=== EXERCISE INPUTS ===

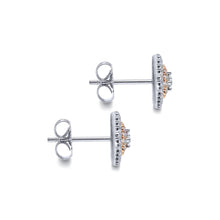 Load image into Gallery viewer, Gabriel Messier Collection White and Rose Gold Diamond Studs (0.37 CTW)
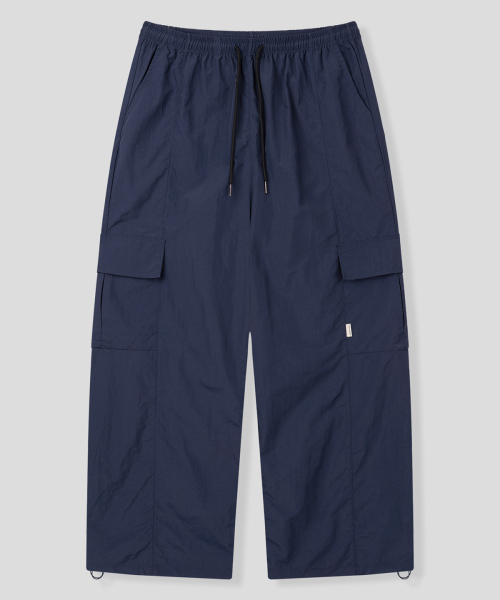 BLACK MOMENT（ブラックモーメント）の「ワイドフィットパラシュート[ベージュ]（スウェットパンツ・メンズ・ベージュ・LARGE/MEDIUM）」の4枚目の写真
* * *
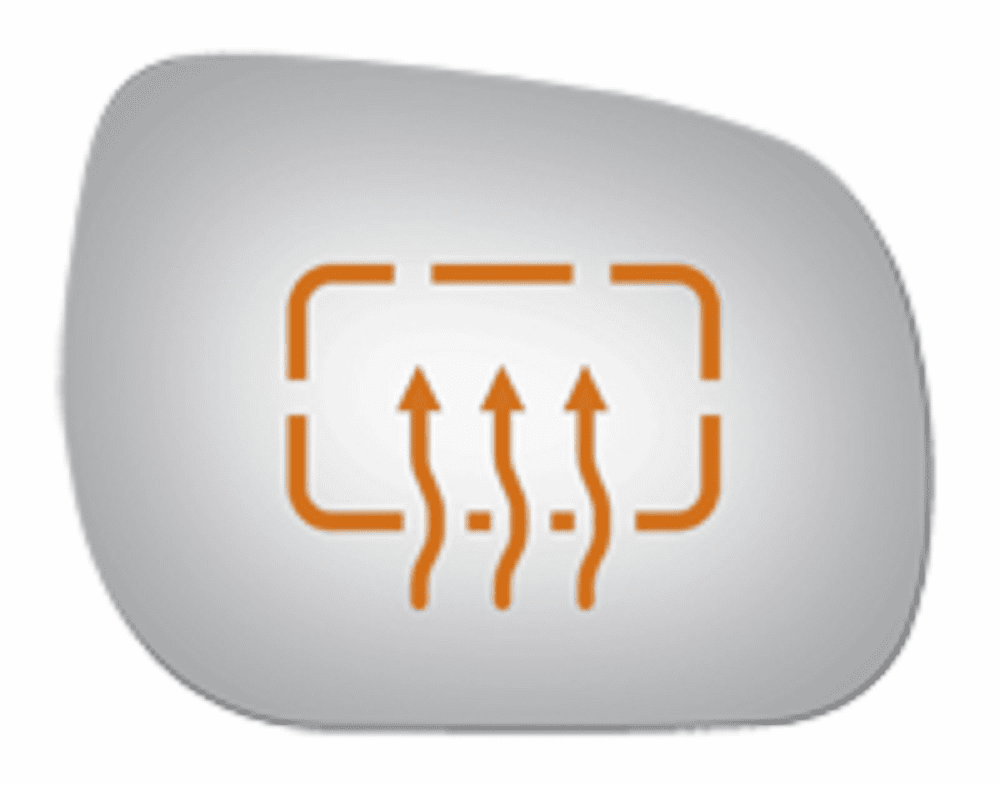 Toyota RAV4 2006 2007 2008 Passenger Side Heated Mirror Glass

=== WORK REQUEST ===
Above are some entries. Restate word for word the lines from the one holding "Load image into" through the one holding "BLACK MOMENT（ブ", but not the pictures.

=== SOLUTION TO THE EXERCISE ===
 Load image into Gallery viewer, Gabriel Messier Collection White and Rose Gold Diamond Studs (0.37 CTW)
 BLACK MOMENT（ブラックモーメント）の「ワイドフィットパラシュート[ベージュ]（スウェットパンツ・メンズ・ベージュ・LARGE/MEDIUM）」の4枚目の写真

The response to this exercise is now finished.